Mais dans ta prétention à cultiver le bon gout, je te trouve très inélégant, parce qu'au fil des jours tu n'a pas voulu considérer que tu étions tolérant envers toi, et ça serai assez facile d'aller t'insulter sur ton blog, et j'imagine d'interdire ton accés ici... tu pourrais donc t'abstenir de nous insulter, c'est assez pueril... et surtout si tu était fin, tu respecterai le fait que les personnes autres que ta bande sont ici pour discuter chaleureusement, dans un endroit qui me parait assez privé... et de ce coté là, il me semble que les gens de droite revendiquent ce respect. Pour moi, personnellement, ça m'est assez insuportable de trouver ici des gens avec un discours de droite, je ne viens pas ici pour les affronter (nous on te fout la paix sur ton blog).
Tout cela, je ne te le dis pas à toi, parce que tu as l'air désespérement stupide, mais au public habituel de tes pitreries, qui ont l'air un peu plus responsable.... donc, si vous pouviez le prendre en charge qu'il ne nous emmerde plus... peut être le limiter en apéro.
Et je me fout totalement de l'air que j'ai à te répondre, .... comprend que l'on est pas du même monde, vous reprochez toujours aux gens de gauche la dégaine, le style, l'originalité etc... mais vous ne pouvez pas comprendre que ça n'a aucune importance pour nous. Je suis content ici de retrouver des êtres humains, et pas les images que votre stupidité en fait.

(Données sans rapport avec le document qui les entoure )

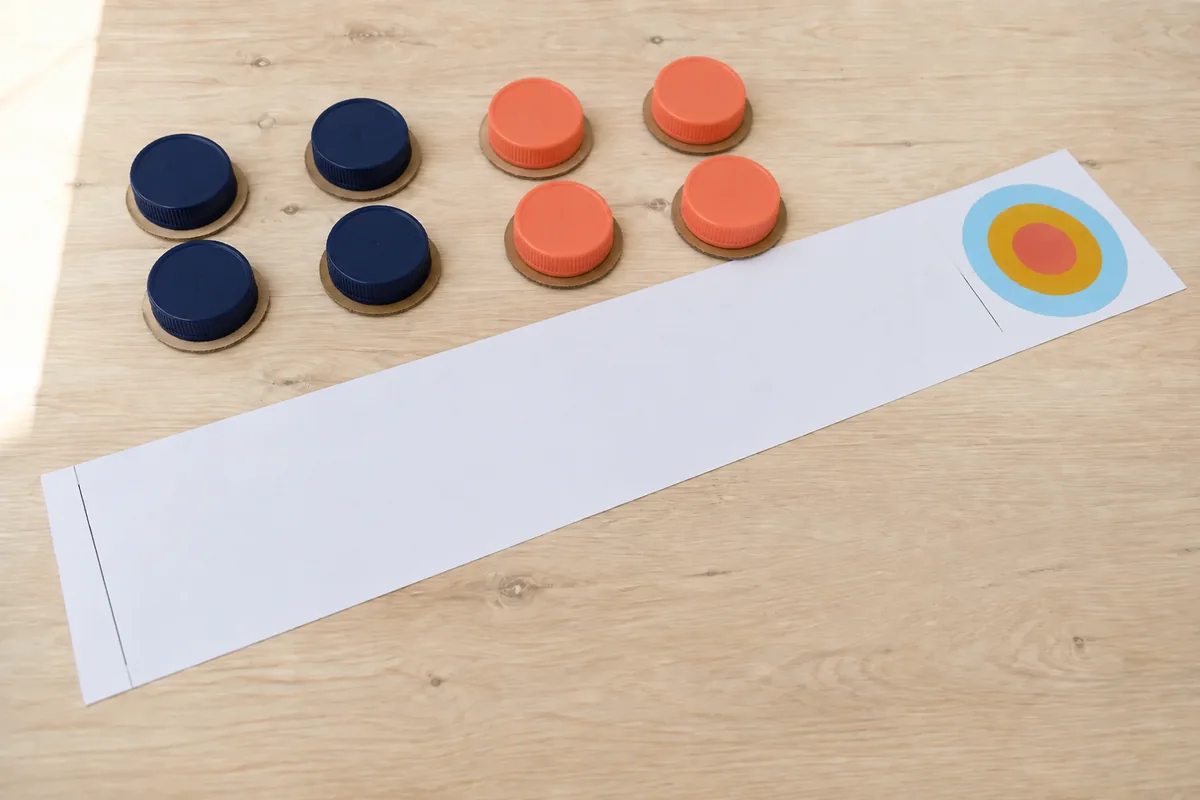 Étape 3 : grands bouchons stables avec pastille de carton, pour « Créer un jeu de curling de table avec de grands bouchons de lait ».
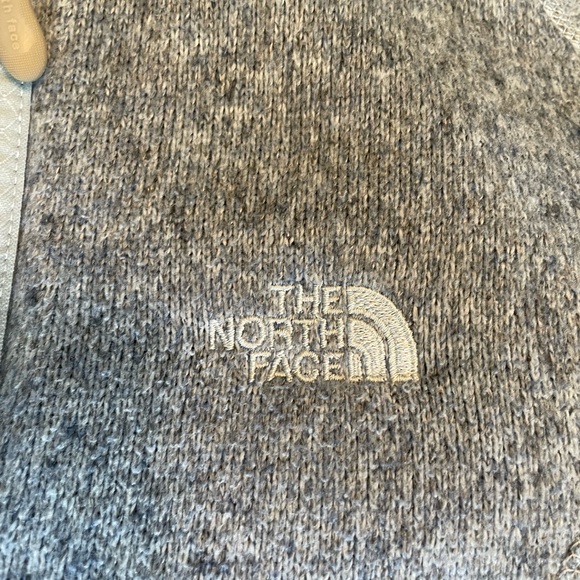 The North Face Full-Zip Fleece - Picture 3 of 7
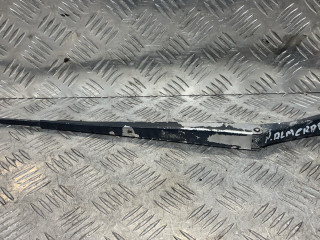 щеткодержатель (поводок стеклоочистителя, дворник) Nissan Almera N15 1997, седан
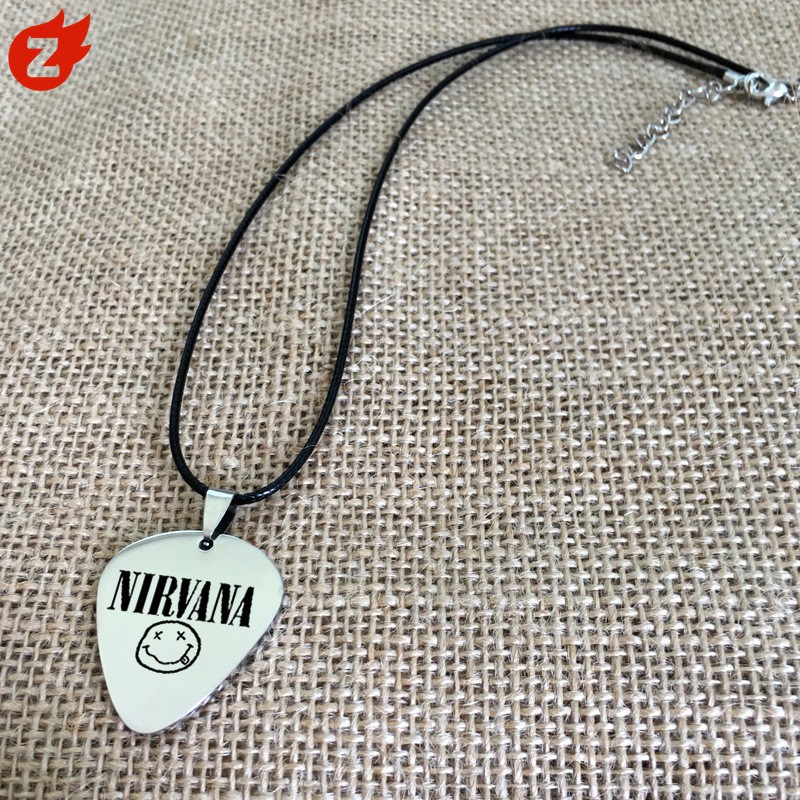 Bộ Đồ Chơi Nirvana Chất Lượng ✨Vòng cổ Da Mặt Hình Đàn Guitar Bằng Thép Không Gỉ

Et BBL "la secte des fumeux que vous avez formé ici"... vraiment, j'avais compris qu'on pouvait obtenir un doctorat en étant juste "scolaire"... mais aussi peu de facultés à observer, ça me sidèrera toujours (en bref, ça me décomplexe pas mal de ne pas avoir le bac...)
Sur le sens de "religieux", employé dans ce billet de façon équivoque, de même que celui de "rapports économiques", nous avons tous les élts d'artefacts rapides et impropres. Je renvois à la lecture des admirables travaux de P. Veyne.
Pour ceux qui cherchent à dégager un principe organisationnel primitif, tenir compte des aires ne serait pas un moindre mal.
Relations inter et extra-claniques serait une piste certes moins brillante, mais avantageusement plus heuristique. Faire remonter la révolution bourgoise au 15ème, c'est un anachronisme valant des coups de pied au c...
S'il fallait en arriver à une conclusion sur un tel sujet c'est que les trolls ont désorienté le débat. Entre nous il y avait, peu ou prou, un accord sur l'implicite, sans lequel toute discussion est impossible. Les trolls se jouent sans cesse de l'implicite, c'est leur terrain de chasse. Là où Goux et bbl sont moins intelligents qu'ils ne supposent l'être, c'est que ces deux imbéciles ont fini par se prendre à leur propre jeu et le désavoeu permanent de l'implicite conçu comme une passe d'arme est devenue une guerre ou sottement ils mettent en scène leurs propres caricatures. A ce jeu Goux est plus clown que ne l'est bbl. Il est moins habile parce que plus passionné. Cette passion c'est un mépris qui finit par ensevellir quelques unes de ces (rares) fines saillies, pour laisser place à un homme qui, vulgairement, comme le commun, à cette époque-ci surtout, donne dans l'excès dans l'auto-satisfaction. Ce qui finit par ne plus le démarquer d'un grossier professeur.
Est-ce une dimension féminine? bbl s'y prend avec plus de finesses maintenant que sa plaque gravée de ses diplômes n'y suffit plus.
J'ai passé quelques longs moments à réfléchir à ce site. M'est revenue cette phrase:
Elle justifie Mademoiselle de mon soutien. Encore.
Bon, c'est bien joli tout ça, mais on mange quoi ce soir?